I went to the succah at Rodfei. It was a comedy of errors. They told us dinner "after six". I arrived roughly at six and couldn't get inside. Eventually two of the women who were helping to prepare the meal arrived and tried to find an open door. They succeeded but I wasn't with them and so I spent a minute checking all the doors again. Turns out the door that should always be locked is the one that happened to be unlocked.

At 7:00 people start to arrive. For Shabbos services. We're not eating in the succah for at least another hour. Groan. I didn't sign up for this and so I'm hungry and oh by the way, you may not have a place to sit, let alone food to eat.

At 8ish, I find Adir and we start trying to figure out if we have seats and if so, where. Eventually we are seated at a table with space. We eat good food and I attempt to make conversation but I can't hear too well and so I pretend comprehension.

Eventually Dr. Horowitz shows up and invites us to an afterparty. Dad arrives to ask if he should take me home and I inform him that I've been invited to an afterparty.

Before everyone else arrives, I am informed that H. and I would make a cute couple. I am baffled. I am not looking for anyone. I don't know how to break this to her, so I tell her I'd consider a friendly relationship, but I'm not looking much more than that. We discuss the issue of intermarriage and the tragic decline of the Jewish population.

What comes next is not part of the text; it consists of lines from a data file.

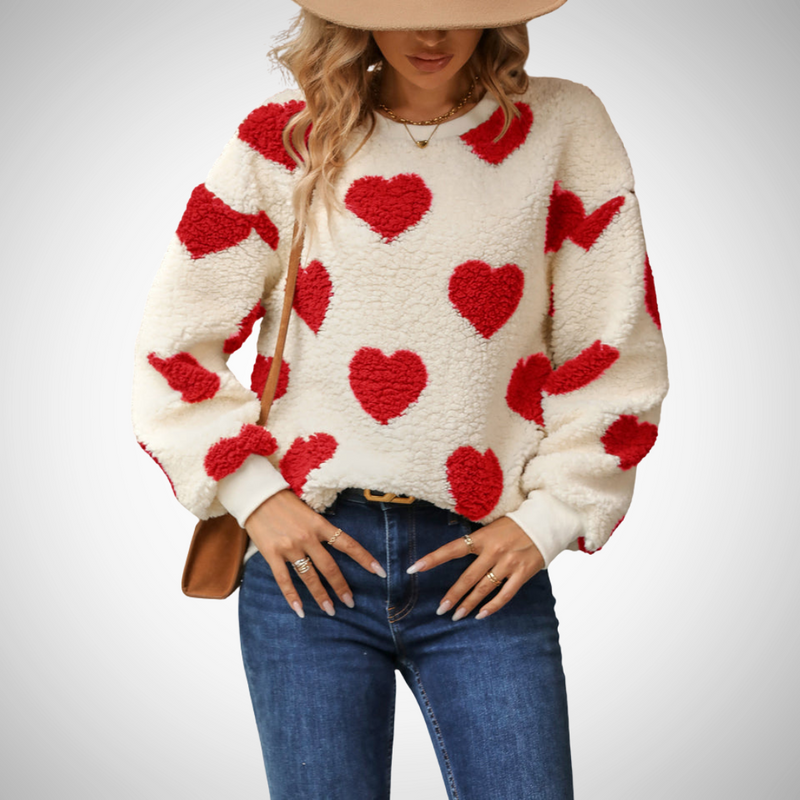 Ruby Heart Sweater for Women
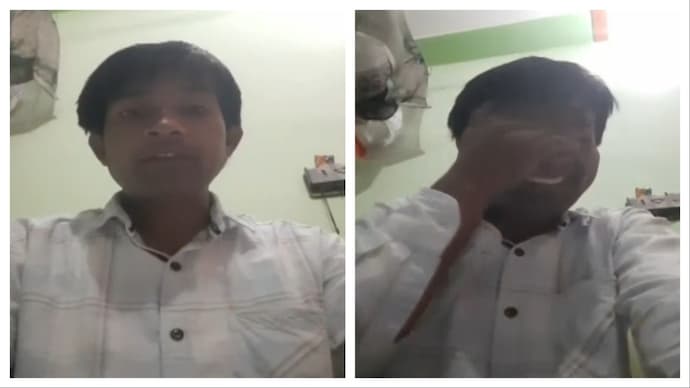 Victim Manmohan Singh recorded a video narrating his ordeal before he allegedly died by suicide. (Screengrab) Meerut Suicide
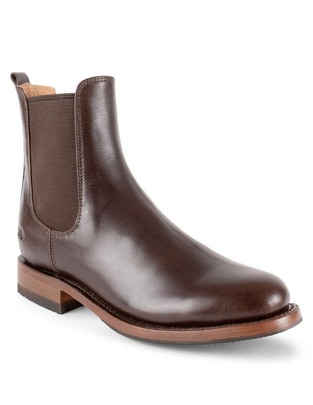 Botín Chelsea de piel para hombre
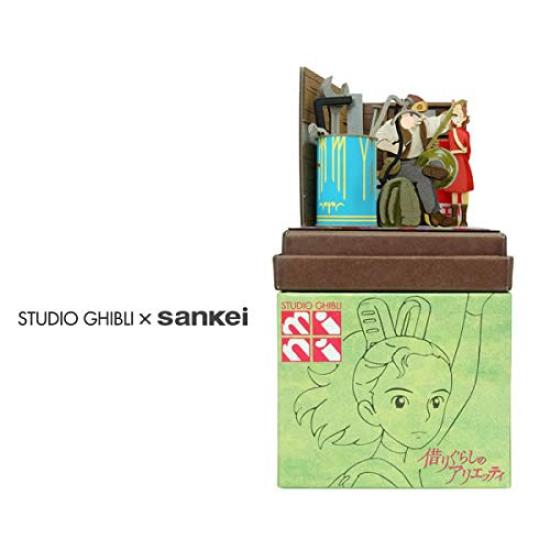 Sankei Studio Ghibli Mini The Borrower Arrietty Pod and Arrietty Paper Craft MP07-102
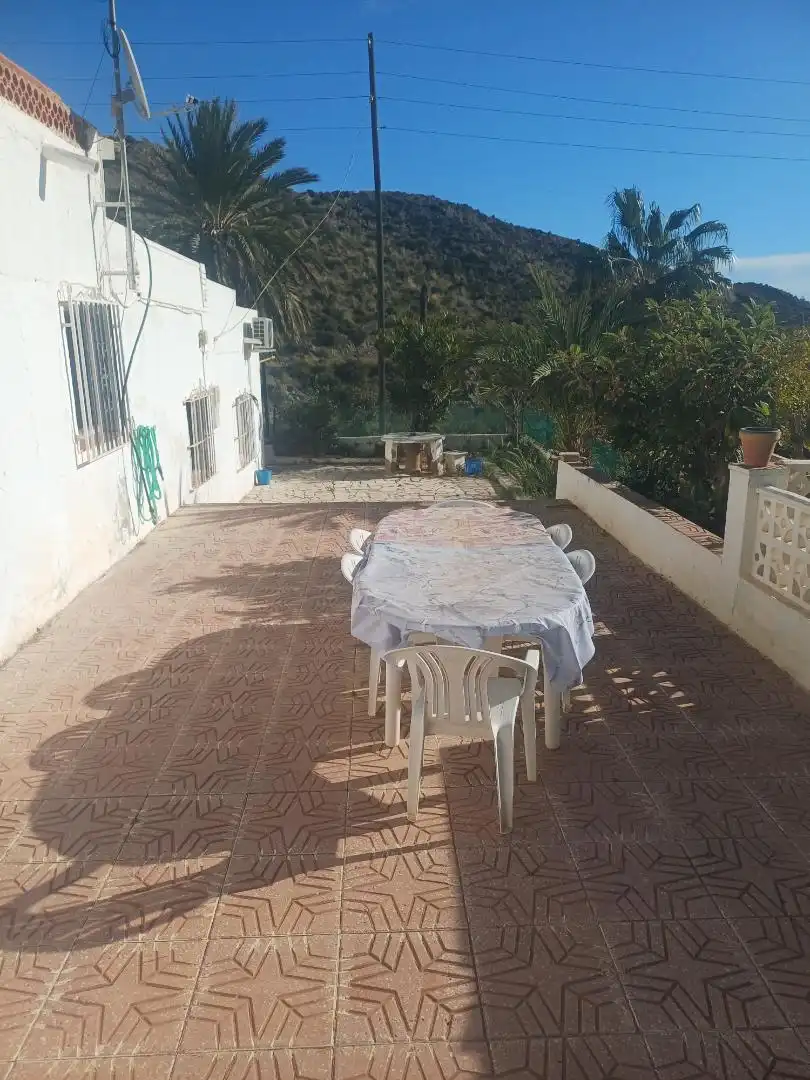 Finca rústica en venta en Calle Jurados, 107, San Juan de los Terreros Terraza de Finca rústica en venta en Pulpí con Aire acondicionado, Terraza y Piscina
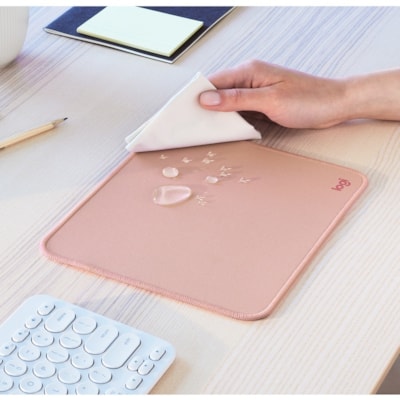 Logitech Studio Series Mouse Pad - 7.87" (199.90 mm) Height x 9.06" (230.12 mm) Width - Dark Rose - Natural Rubber, Nylon - Anti-slip, Anti-fray, Spill Resistant ANTI - SLIP 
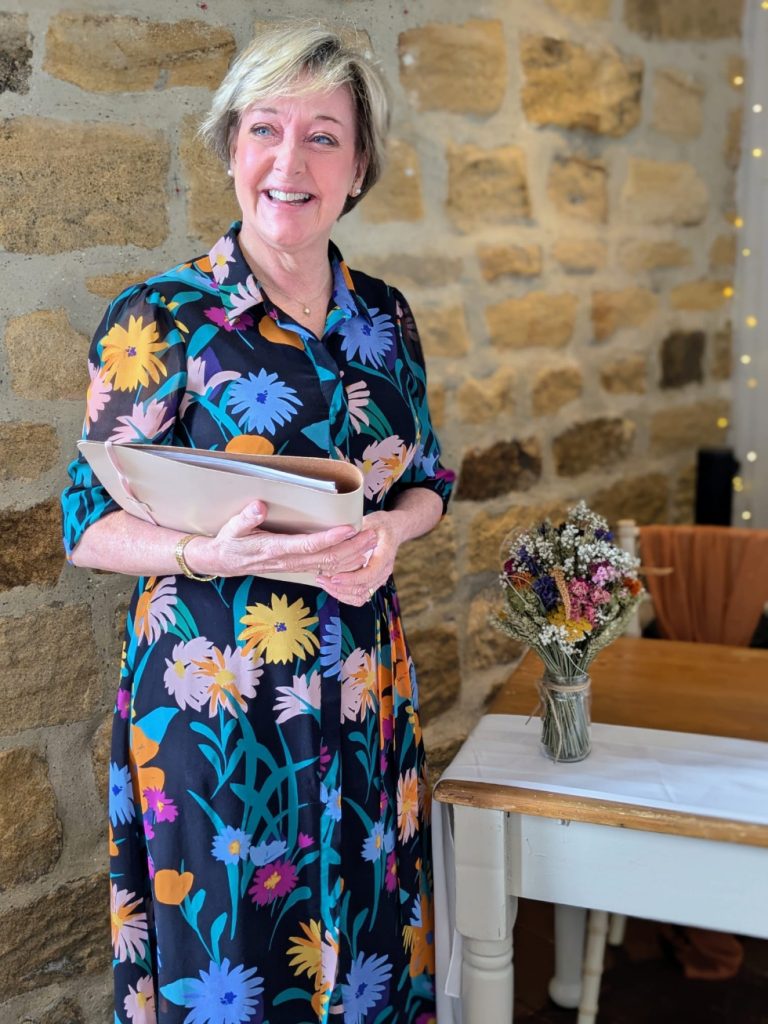 Wedding at Chilli Barn, Otley - celebrant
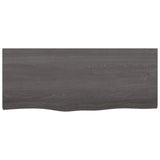 ZNTS Wall Shelf Dark Brown 100x40x cm Treated Solid Wood Oak 363805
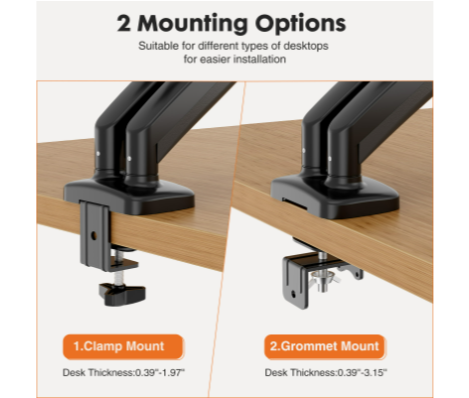 Support double moniteur à bras - Monitor Arm Single avis et prix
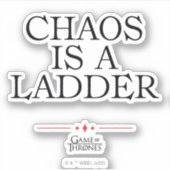 Chaos is een adder sticker (Voorkant)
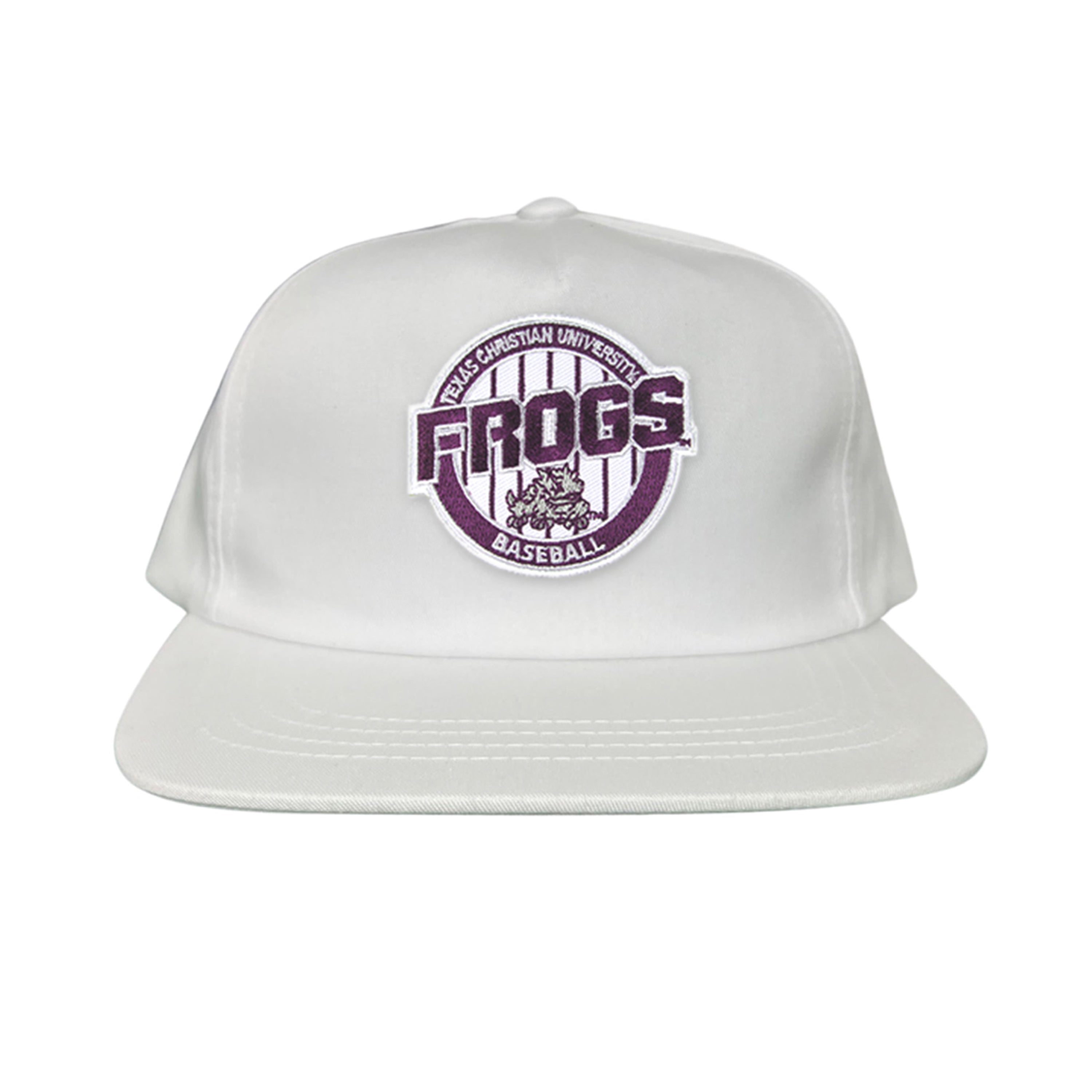 TCU Horned Frogs Pinstripe Circle Baseball Cap - Snapback & Dad Hat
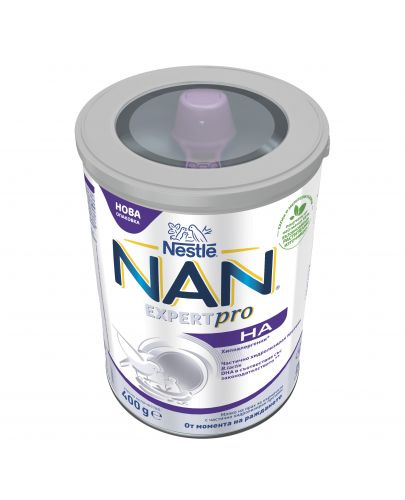 Мляко за кърмачета на прах Nestle Nan H.A., с хидролизиран протеин, опаковка 400g - 4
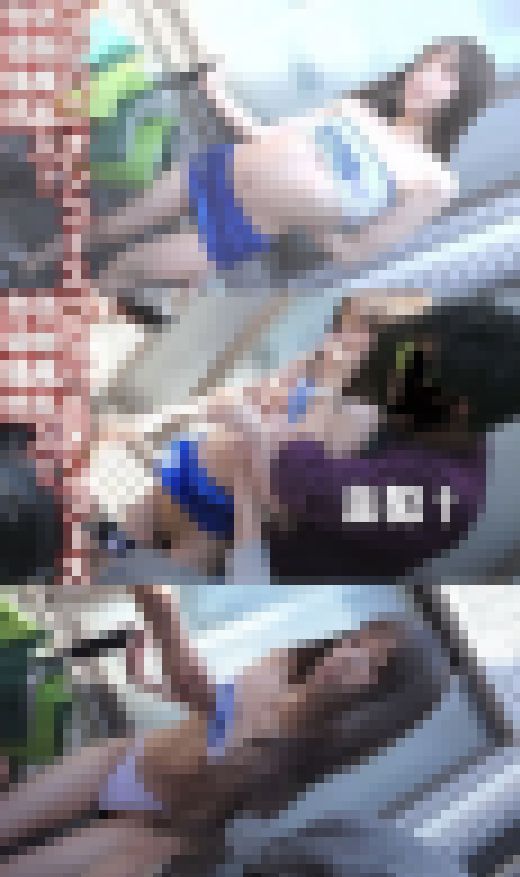 令和アクションカメラ！激写ハプニング17「ミスのグラドル兼任キャンギャル！衆前でパンツ剥がされカニ道楽」　サンプル画像1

Whenever given a chance, she urges me to call or email H. I have nothing against H., but I don't think we have enough in common. Furthermore, I would feel weird asking a guy out, especially when I know that I don't want it to really go anywhere. But if he crumbles to her pressure and asks me out, I will most likely accept.

I feel really weird about this.

Guys, a little help here?

Anyway, tonight I went to see "Maria Full of Grace", a foreign film about a Colombian girl who decides to become a mule.

I do not recommend this movie. It made me sick to my stomach it was so gross. Pass this one up, folks. Being a mule is a bad job and you really don't need to see this movie to find out how bad it is.

Anyhow, right now I'm trying to cleanse it from my mind.

Before the movie I spent a brief bit of time at the Women's Expo where I did some information mining. I got my BMI calculated at 50%. I weighed in at 162 pounds. On the brighter side, my blood pressure is good and as I said I did some information mining. I might have struck gold. I got the names of two female endocrinologists, neither of who are the one I had before. Hopefully something good will happen this time around. I'm so tired of being sick.